Better: “Apologetics doesn’t work, according to my limited anecdotal experience, although of course I and/or my interlocutors could be wrong.”
Or, “Apologetics doesn’t work, because I personally am not sure how to answer certain objections, although it is entirely possible that my judgment is poor and my investigation has been sloppy.”
Or, “Apologetics doesn’t work, from within my particular frame for faith, although admittedly I do not prioritize evidential questions and thus haven’t thought about any of this very much.”
Or, “Apologetics doesn’t work, because something-something narrowly propositional Enlightenment rationalism, although admittedly I just got that from a book, whose author got it from another book, whose author got it from Alister McGrath, so maybe history of ideas by meme isn’t the best way to do history of ideas.”
Sorry, I let my snark get the best of me on that last one, but you get the idea. Such qualifying statements, open to correction and open to learning more, would help enormously in the furthering of fruitful in-house dialogue about these questions.
All of that being said, there are still people, some of whom walked away from the Church and are now fans of Jordan Peterson, who will say “William Lane Craig didn’t do it for me.” Craig is not necessarily my personal favorite Christian apologist (don’t @ me), nevertheless he is the name I tend to see most cited as the “poster boy” for Christian apologetics writ large, most likely because he has debated so many New Atheists. And he is a formidable debater, no question. But not everyone has walked away convinced. Why not?

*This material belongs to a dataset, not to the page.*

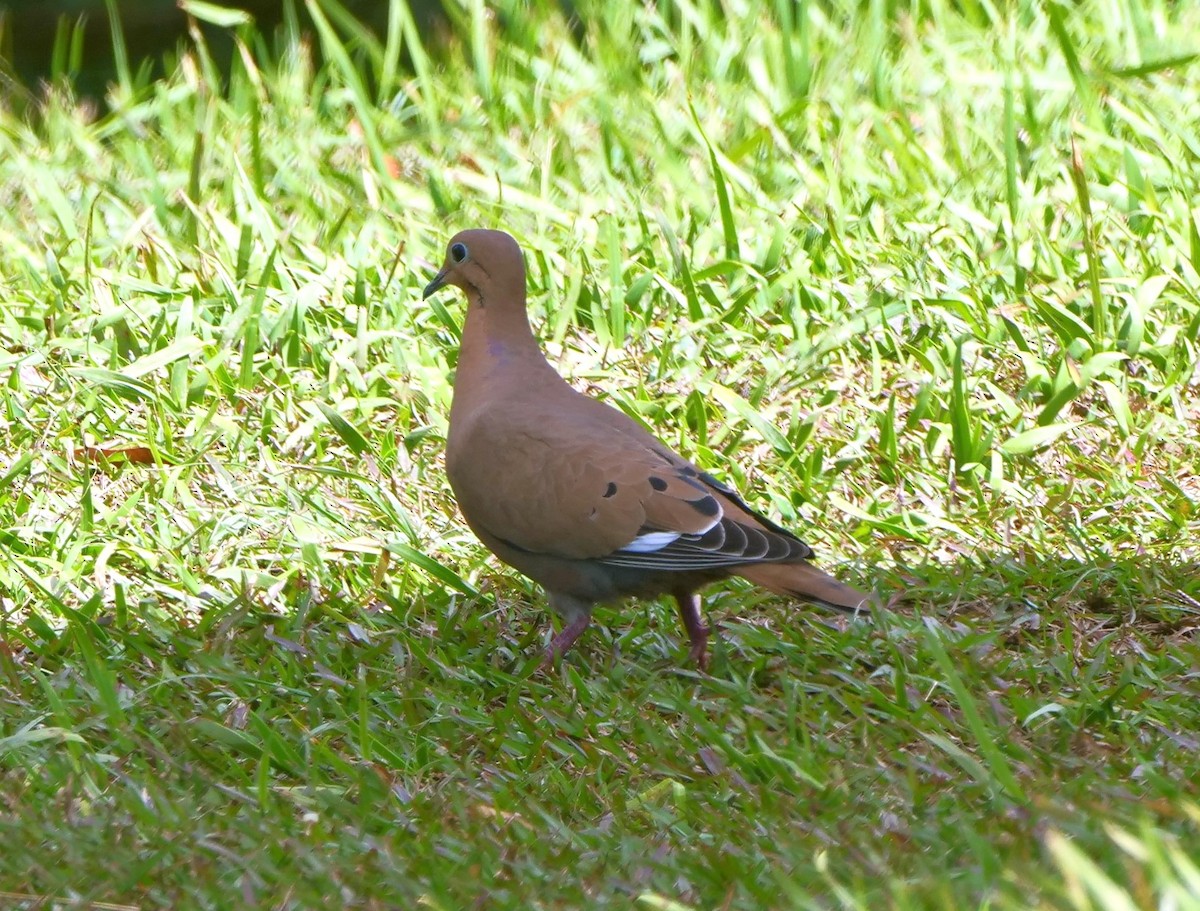 Zenaida Dove - Brett Hartl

First, let’s be honest: It’s ridiculously easy to generate a long list of objections to Christianity. The phrase “ridiculously easy” is carefully chosen. It takes ignorance ten seconds to ask a question that requires careful scholarship ten pages to answer carefully. Some will automatically take such thoroughness as a sign that the lady doth protest too much. Of course, a brief response will be waved away as embarrassingly insufficient. For some skeptics, this truly is a “heads I win, tails you lose” affair.